[Scraped caption text data]
────────────────────────────────────────
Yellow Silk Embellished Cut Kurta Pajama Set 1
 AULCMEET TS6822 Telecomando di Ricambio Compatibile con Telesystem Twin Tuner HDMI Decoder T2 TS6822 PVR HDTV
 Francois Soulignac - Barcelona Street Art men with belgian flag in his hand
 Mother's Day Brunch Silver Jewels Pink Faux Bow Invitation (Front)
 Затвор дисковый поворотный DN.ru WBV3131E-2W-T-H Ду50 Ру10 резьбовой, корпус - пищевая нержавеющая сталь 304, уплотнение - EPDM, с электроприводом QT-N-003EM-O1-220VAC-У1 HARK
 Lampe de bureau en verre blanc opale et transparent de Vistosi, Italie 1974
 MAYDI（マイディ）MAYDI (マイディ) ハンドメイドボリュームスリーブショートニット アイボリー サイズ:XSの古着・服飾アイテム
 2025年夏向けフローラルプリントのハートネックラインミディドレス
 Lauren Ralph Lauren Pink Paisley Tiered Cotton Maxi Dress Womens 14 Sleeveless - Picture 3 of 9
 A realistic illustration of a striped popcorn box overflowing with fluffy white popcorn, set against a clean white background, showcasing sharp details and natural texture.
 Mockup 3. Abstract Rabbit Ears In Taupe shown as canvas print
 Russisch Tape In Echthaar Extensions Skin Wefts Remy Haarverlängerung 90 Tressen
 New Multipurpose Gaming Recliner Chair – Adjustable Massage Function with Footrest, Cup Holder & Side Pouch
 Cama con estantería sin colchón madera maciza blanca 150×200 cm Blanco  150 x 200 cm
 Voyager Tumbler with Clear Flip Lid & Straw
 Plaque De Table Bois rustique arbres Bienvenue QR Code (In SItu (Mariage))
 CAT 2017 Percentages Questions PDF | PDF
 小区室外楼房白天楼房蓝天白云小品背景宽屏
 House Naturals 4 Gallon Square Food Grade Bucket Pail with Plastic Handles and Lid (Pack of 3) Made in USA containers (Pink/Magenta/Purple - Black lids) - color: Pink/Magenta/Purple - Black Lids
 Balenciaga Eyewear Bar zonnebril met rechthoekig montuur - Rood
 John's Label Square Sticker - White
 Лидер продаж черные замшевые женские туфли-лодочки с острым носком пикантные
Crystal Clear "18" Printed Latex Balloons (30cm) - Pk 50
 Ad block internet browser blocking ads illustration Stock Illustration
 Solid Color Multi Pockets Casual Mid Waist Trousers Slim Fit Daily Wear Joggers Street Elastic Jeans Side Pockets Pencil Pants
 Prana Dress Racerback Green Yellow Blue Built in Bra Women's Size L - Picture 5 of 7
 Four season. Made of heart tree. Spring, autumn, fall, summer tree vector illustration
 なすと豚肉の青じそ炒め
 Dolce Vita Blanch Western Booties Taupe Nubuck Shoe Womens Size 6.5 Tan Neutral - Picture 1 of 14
────────────────────────────────────────
Above are records; repeat only the lines starting at the line with "Francois Soulignac - Barcelona" and ending at the line with "2025年夏向けフローラルプリントのハートネックラインミディドレス", exactly as they appear, both included.

 Francois Soulignac - Barcelona Street Art men with belgian flag in his hand
 Mother's Day Brunch Silver Jewels Pink Faux Bow Invitation (Front)
 Затвор дисковый поворотный DN.ru WBV3131E-2W-T-H Ду50 Ру10 резьбовой, корпус - пищевая нержавеющая сталь 304, уплотнение - EPDM, с электроприводом QT-N-003EM-O1-220VAC-У1 HARK
 Lampe de bureau en verre blanc opale et transparent de Vistosi, Italie 1974
 MAYDI（マイディ）MAYDI (マイディ) ハンドメイドボリュームスリーブショートニット アイボリー サイズ:XSの古着・服飾アイテム
 2025年夏向けフローラルプリントのハートネックラインミディドレス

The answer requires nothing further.